Managing Networking | Cluster Administration

Important

Azure Red Hat OpenShift 3.11 will be retired 30 June 2022. Support for creation of new Azure Red Hat OpenShift 3.11 clusters continues through 30 November 2020. Following retirement, remaining Azure Red Hat OpenShift 3.11 clusters will be shut down to prevent security vulnerabilities.

Follow this guide to create an Azure Red Hat OpenShift 4 cluster. If you have specific questions, please contact us

Overview
Managing Pod Networks
- Joining Project Networks
Isolating Project Networks
- Making Project Networks Global
Using an Egress Firewall to Limit Access to External Resources
Enabling NetworkPolicy
- Using NetworkPolicy Efficiently
- Setting a Default NetworkPolicy for New Projects
Enabling HTTP Strict Transport Security
Troubleshooting Throughput Issues

Overview

This topic describes the management of the overall cluster network, including project isolation and outbound traffic control.

Managing Pod Networks

When your cluster is configured to use you can manage the separate pod overlay networks for projects using the administrator CLI.

Joining Project Networks

To join projects to an existing project network:

$ oc adm pod-network join-projects --to=<project1> <project2> <project3>

In the above example, all the pods and services in <project2> and <project3> can now access any pods and services in <project1> and vice versa.

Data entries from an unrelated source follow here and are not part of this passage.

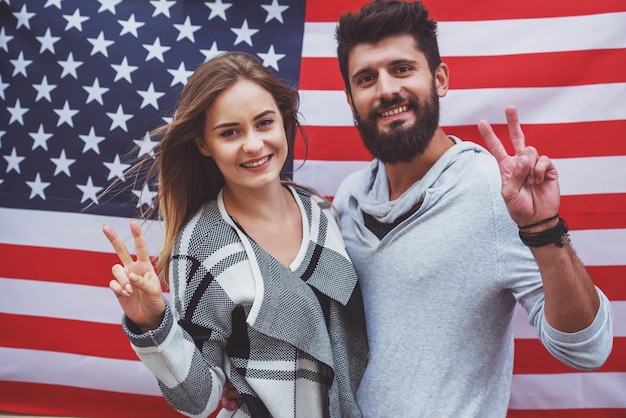 Retrato de um jovem casal feliz no fundo da bandeira dos EUA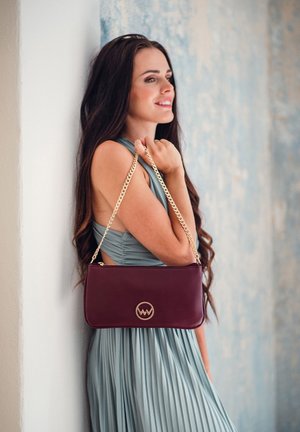 Burgundy leather handbag with a gold chain strap, featuring a circular gold logo. Smooth texture with a rectangular shape and zipper closure.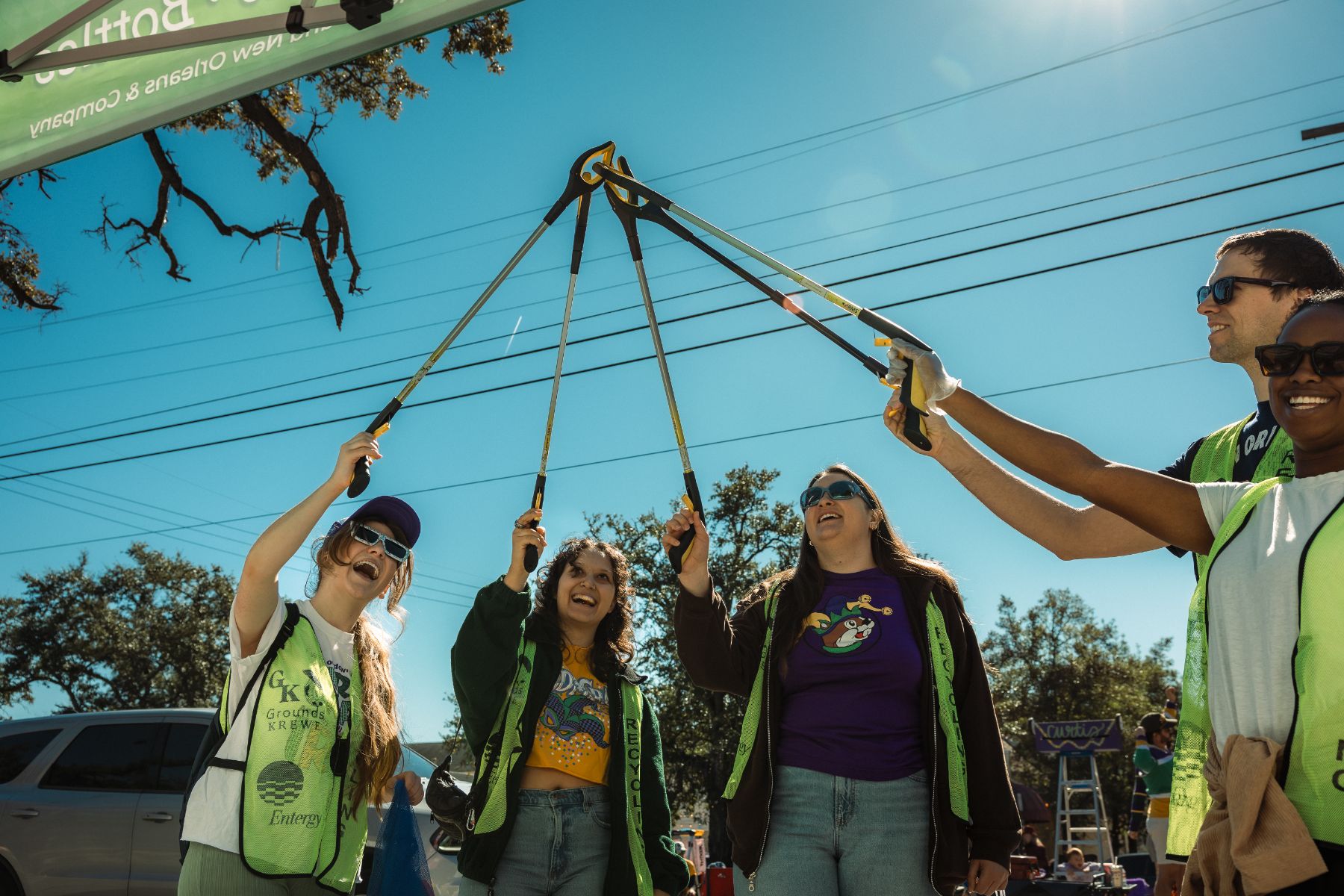 Volunteer crew with pickers held aloft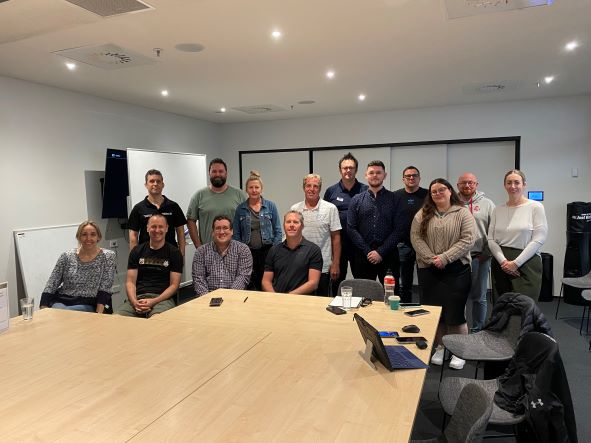 Group Standing in Office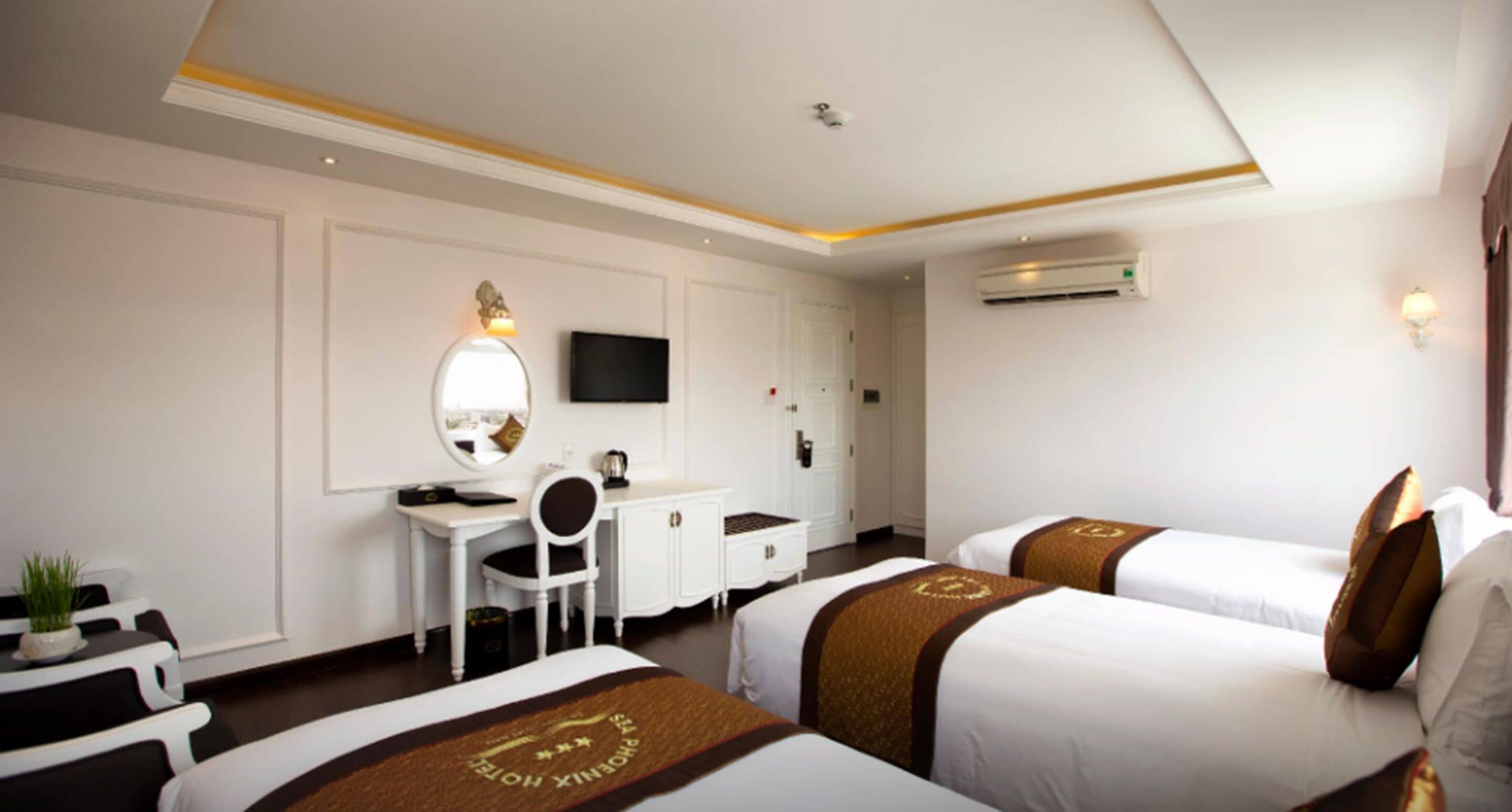 A hotel room with two beds, a desk, a chair, a mirror, a television, and an air conditioning unit.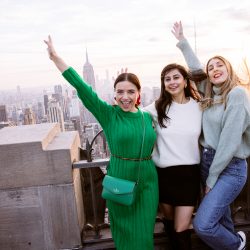 Three women posing at Top of the Rock in New York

Services can be accessed either by IP or fully qualified DNS name (<service>.<pod_namespace>.svc.cluster.local). For example, to access a service named db in a project myproject, use db.myproject.svc.cluster.local.

Alternatively, instead of specifying specific project names, you can use the --selector=<project_selector> option.

To verify the networks you have joined together:

$ oc get netnamespaces

Then look at the NETID column. Projects in the same pod-network will have the same NetID.

Isolating Project Networks

To isolate the project network in the cluster and vice versa, run:

$ oc adm pod-network isolate-projects <project1> <project2>

In the above example, all of the pods and services in <project1> and <project2> can not access any pods and services from other non-global projects in the cluster and vice versa.

Alternatively, instead of specifying specific project names, you can use the --selector=<project_selector> option.

Making Project Networks Global

To allow projects to access all pods and services in the cluster and vice versa:

$ oc adm pod-network make-projects-global <project1> <project2>

In the above example, all the pods and services in <project1> and <project2> can now access any pods and services in the cluster and vice versa.

Alternatively, instead of specifying specific project names, you can use the --selector=<project_selector> option.

Using an Egress Firewall to Limit Access to External Resources

As an Azure Red Hat OpenShift cluster administrator, you can use egress firewall policy to limit the external IP addresses that some or all pods can access from within the cluster. Egress firewall policy supports the following scenarios:

A pod can only connect to internal hosts, and cannot initiate connections to the public Internet.
A pod can only connect to the public Internet, and cannot initiate connections to internal hosts that are outside the Azure Red Hat OpenShift cluster.
A pod cannot reach specified internal subnets or hosts that should be unreachable.

Egress policies can be set by specifying an IP address range in CIDR format or by specifying a DNS name. For example, you can allow <project_A> access to a specified IP range but deny the same access to <project_B>. Alternatively, you can restrict application developers from updating from (Python) pip mirrors, and force updates to only come from approved sources.

Project administrators can neither create EgressNetworkPolicy objects, nor edit the ones you create in their project. There are also several other restrictions on where EgressNetworkPolicy can be created:

The default project (and any other project that has been made global via oc adm pod-network make-projects-global) cannot have egress policy.
If you merge two projects together (via oc adm pod-network join-projects), then you cannot use egress policy in any of the joined projects.
No project may have more than one egress policy object.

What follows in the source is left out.